例えば歌手のYUIさんは「目線」「笑顔の形」「話し方」でINFJとタイプできるが、そこに歌詞もあわせるとより妥当性を増すだろう。
――Rolling days(YUI)
これは『Rolling days』の歌詞だが、INFJだと「私かよ!」とつっこむのではなかろうか。
ってくらいに言いたいことが言えないので我慢ばっかしてるし、意志表示をしなきゃとも思ってるし、理想を夢見ながら現実の有象無象に嫌気が差しているのとか
―― again(YUI)
特に『again』はきゅんきゅんくるよね。
夢を追いかけながらも人につまずいて、いろいろな罪悪感を抱えこんでしまう。でもそれは涙で打ち消せはしないよ、ずっとずっと抱えていくんだ。抱えながら理想を叶えるために生きていくんだよ――という主題に対して「でも現実から逃れたいんでしょ?」「でも人生長過ぎるよね?」「犠牲者のふりするのやめなよ」と対立する考えをぶつかりあわせながら、陰と陽を超えていこうとする。超えていった先でなにかを得ようとする、INFJの芸術は本当わかりやすい……。
――といったように音楽であれば歌詞、映像であれば背景や動作の質、なにを重視し、どんなものを描こうとしているかといった点を考慮していくと精度は高まるだろう。

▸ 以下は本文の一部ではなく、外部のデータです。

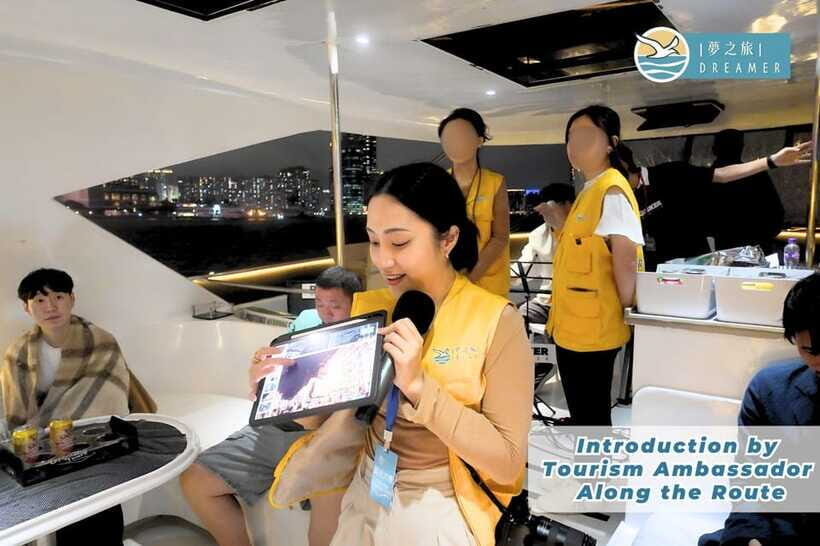 Hong Kong: Victoria Harbour Cruise with Live Tour and Photos - Service That Changes the Feel of the Tour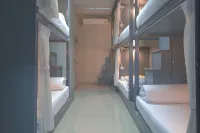 Me Hug Guesthouse and Hostel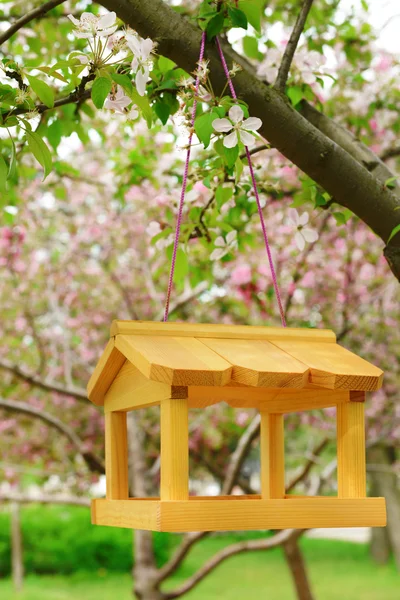 Birdhouse in legno in giardino — Foto Stock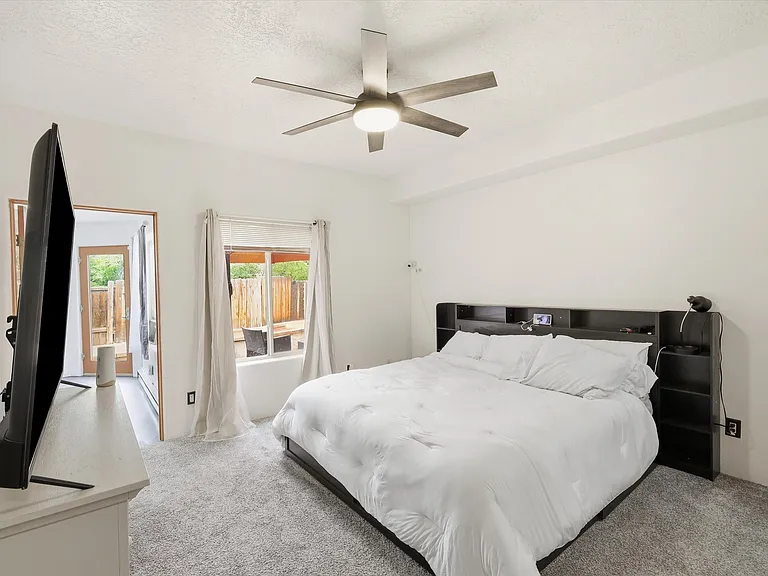 3224 Nizhoni Dr — Photo 12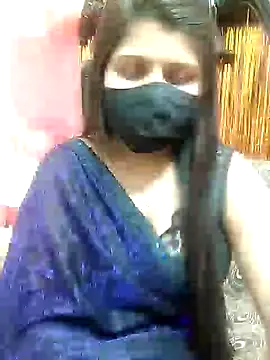 Snapshot of Hotty-simran chatting on 02.12.25 Hotty-simran online show from 02.12.25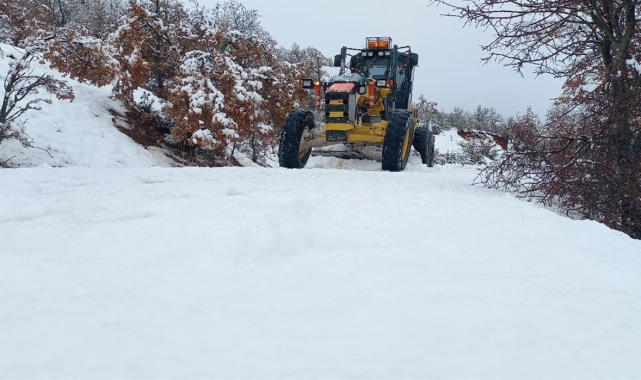 Afyonkarahisar'da 9 ilçe ve 56 köyde karla mücadele çalışmaları sürüyor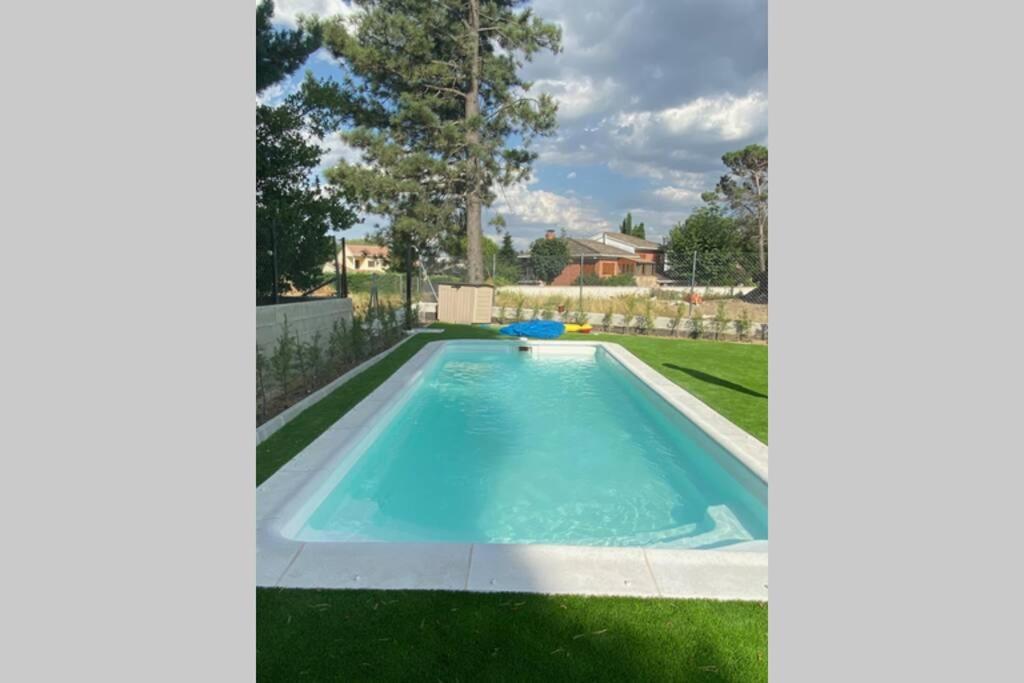 Charming Apartment In Becerril De La Sierra Exteriör bild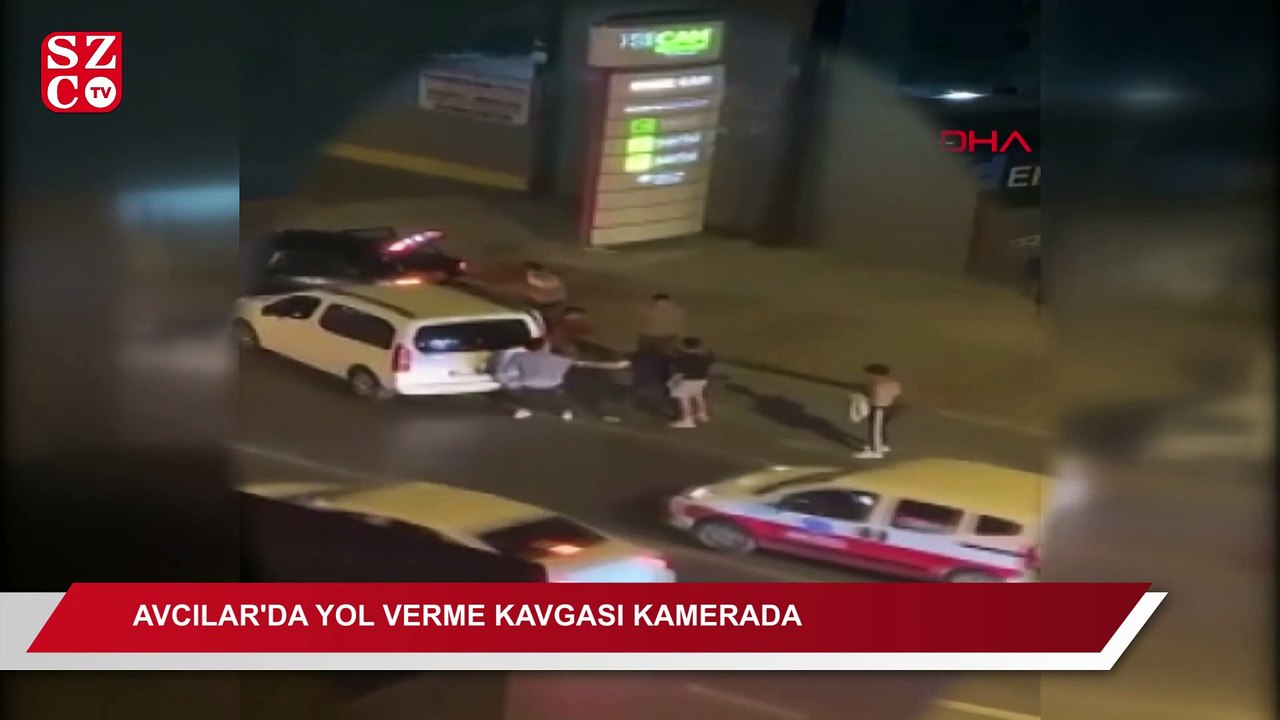Avcılar'da yol verme kavgası kamerada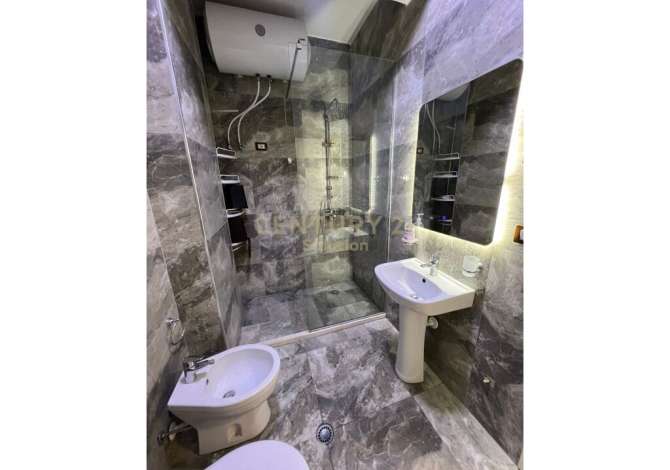 Shtepi me qera Apartament ne Tirane, 2+1, Mobilimi E mobiluar, Pagesa 600  Euro.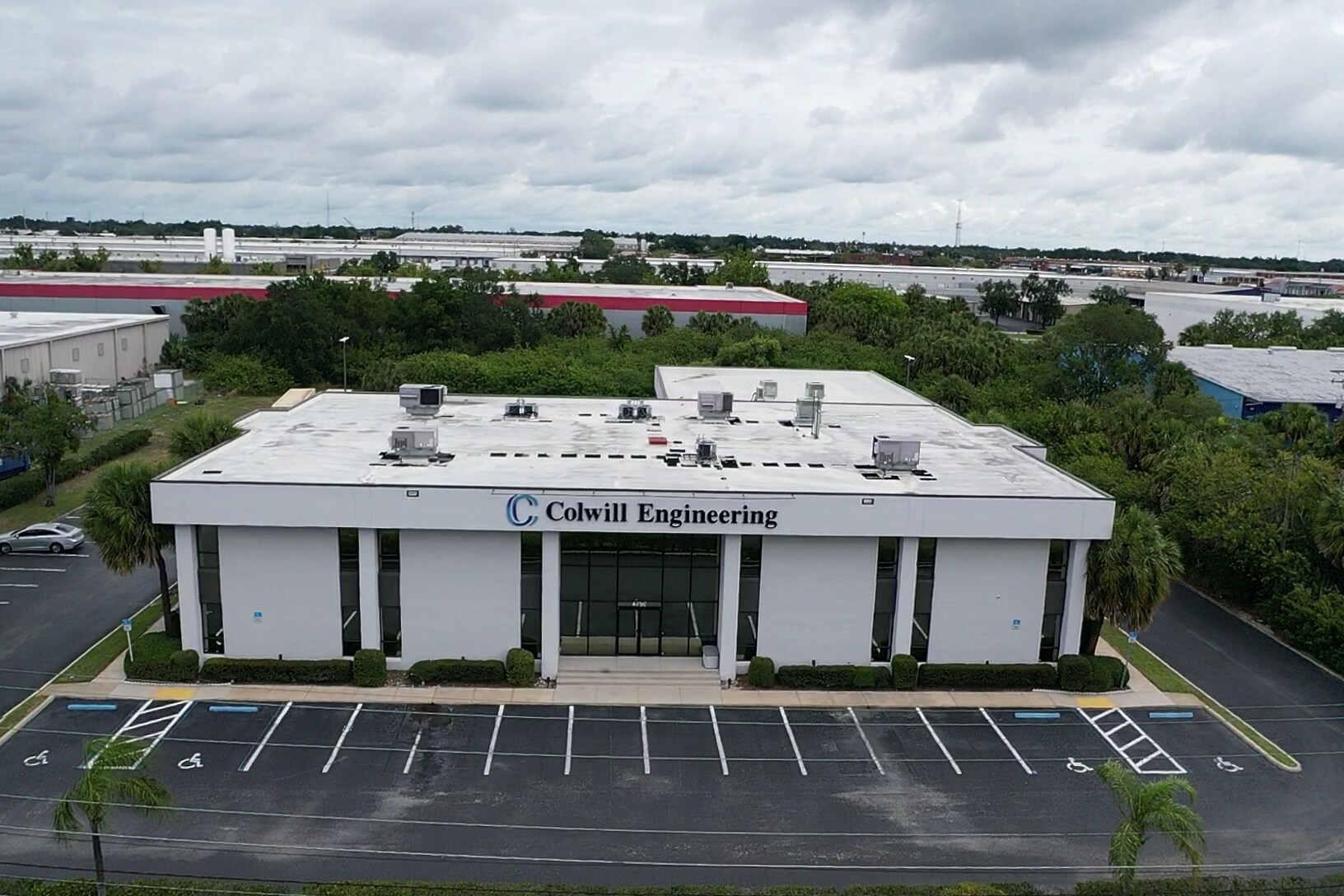4750 E Adamo Dr, Tampa, FL à vendre Photo de l’immeuble– Image 1 sur 11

Twitterをやっていればそれも合わせるとよい。ただしマネージャーや組織ぐるみで運営していたら意味がないのでそこを考慮しつつ。
もちろん8機能、Functionの役割、各タイプの世界観を知らなければどうもこうもないのでまずはそこの理解することから始めるといいと思われる。
まとめると
- 視線
- 笑顔の形
- 話し方
- 動作/外観
- 作品の性質
声優考察:SFタイプとNFタイプ
――ということでタイプ判別の手がかりを書いてきたわけだけど、そろそろタイトルどおり声優について語ってみようと思う。
※ここからは敬称を略させていただきます。
SFは「感覚+感情型」であり、NFは「直感+感情型」である。
どちらも芸術に適正があるものの、NFは直感によって感情を極限までふくらませるのでその熱量はすさまじい。ポテンシャルだけでいえばNFの圧勝であり、それは声優においても言える。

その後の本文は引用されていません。